Wie leicht zu sehen kann, ist das mittlerweile (fast ausschließlich) ein Spiel zwischen dem griechischen Staat und öffentlichen Geldgebern ...
Private Gläubiger sind nur noch bei sehr kurz laufenden Anleihen nennenswert investiert. (Und das sind auch (fast) ausschließlich griechische Banken.)
Wenn also derzeit darüber verhandelt wird, ob Griechenland noch mehr Kredite von IWF und/oder ESFS bekommt, dann dienen diese nur dazu in der Vergangenheit ggü. dem IWF und der EZB eingegangenen Zahlungsverpflichtungen nachzukommen.
Warum die ganze Verhandlerei aber trotzdem nicht vollkommen Sinnlos ist, darüber schreibt John Cochrane in seinem Beitrag, aus dem ich die Graphiken habe.
"Why does the U.S. continually issue new debt to pay off the old debt? Why not just issue perpetual debt, which automatically rolls over? For the U.S., I couldn't come up with a decent reason.

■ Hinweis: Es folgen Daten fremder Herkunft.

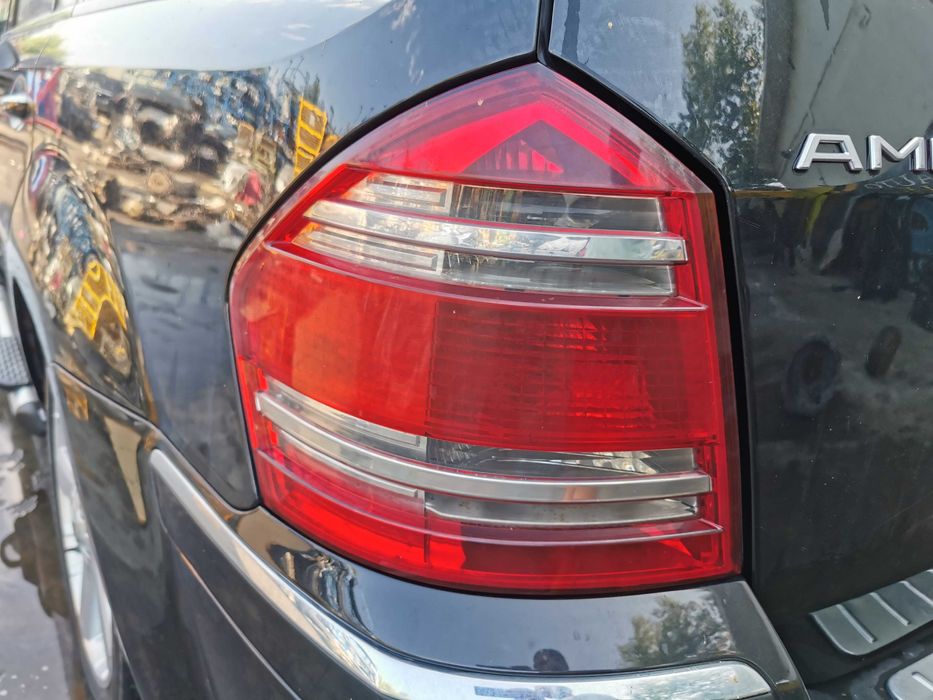 Dezmebrez mercedes gl x164 320cdi/420cdi /bara /faruri/capota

For Greece, there is a good reason. Yes, in the end, the IMF will most likely lend Greece the money to pay back the IMF. Or maybe the ECB will lend Greece the money to pay back the IMF. But both sides will renegotiate the terms.

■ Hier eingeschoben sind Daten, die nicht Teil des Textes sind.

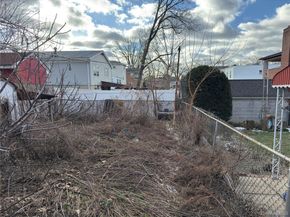 124-12 7th Avenue, College Point NY 11356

The IMF and Europe lent money to Greece with conditions that are politically painful, but that are be beneficial for Greece and for the chance of the money being paid back eventually, at least in the IMF and Europe's eyes. (I don't agree with all the conditions, especially tax increases, but the point here is the negotiation not the wisdom of the terms.) By lending for a year and then renegotiating, they can enforce that Greece actually follows through on the conditions.
If you are going to lend money to a spendthrift relative you might want to do the same thing. Limit the time of help, and in a year we'll see if you're really cleaning up your act.

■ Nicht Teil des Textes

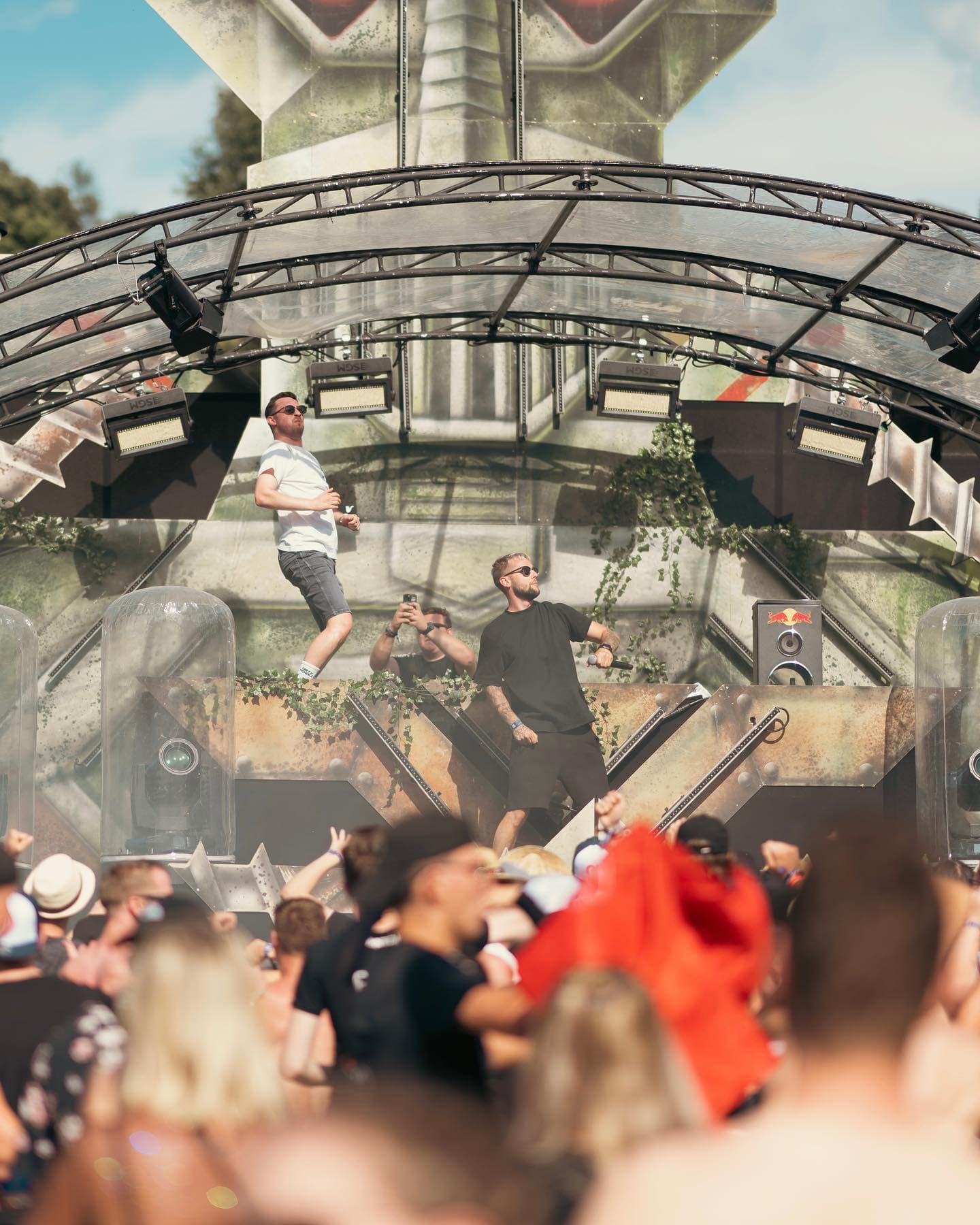 What an insane first day 🔥 Further camping guests arrived, stages were crowded (3/6)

But this is a two-sided renegotiation. They can only impose conditions if the costs to them of allowing a default are not too large. And Greece will only take the conditions if the costs of default to them are large. So it is to Greece's interest to make its default as painful to the rest of Europe as possible.
Also by calling it a roll over, though, Greece had an interesting option -- if it didn't like "austerity," it could try other means of reviving their finances and paying off the debt. It's too late for that one.
Doug Diamond and Raghu Rajan in a series of papers have been arguing that short-term debt allows lenders to monitor and discipline the borrowers. "Short" here can mean years, any debt that has to be rolled over a few times before being eventually paid off. This situation seems like a good instance of their theory."